We will use formula for arc length of curve `y=f(x)` for `a leq x leq b.`

`L=int_a^b sqrt(1+y'^2)dx`

Differentiating the given equation yields

`2/3x^(-1/3)+2/3y^(-1/3)y'=0`

From this we get

`y'=-y^(1/3)/x^(1/3)`

Looking at the image below, we can see that the astroid is made up of four identical arches. Therefore, if we calculate length of one such arc we will know the total length of the graph.

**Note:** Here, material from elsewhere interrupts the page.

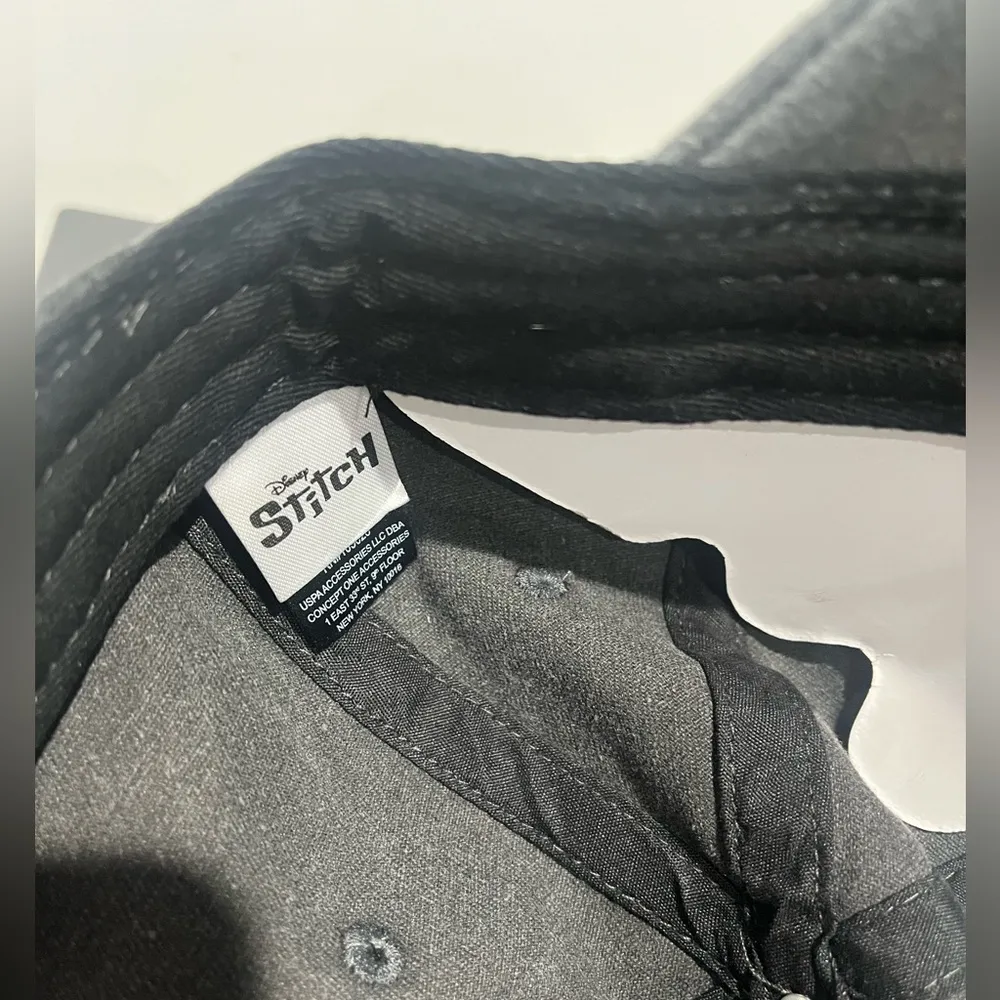 Disney Lilo & Stitch Smiling Stitch Chenille Patch Cap - Image 8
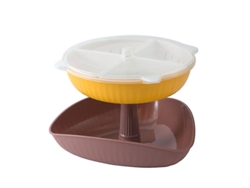 Cesta De Frutas De Plástico Para Cocina.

Let us therefore, calculate the arc in the first quadrant. Lower bound of integration will obviously be 0, while the upper bound will be the point where the curve touches `x`-axis (where `y=0`).

`x^(2/3)=4`

`x=4^(3/2)`

`x=8`

Hence, the quarter of the total length is

`1/4L=int_0^8sqrt(1+(-y^(1/3)/x^(1/3))^2)dx=`

`int_0^8sqrt(1+y^(2/3)/x^(2/3))dx=`

`int_0^8sqrt((x^(2/3)+y^(2/3))/x^(2/3))dx=`

Notice that the numerator is equal to the left side of the given equation which is equal to 4.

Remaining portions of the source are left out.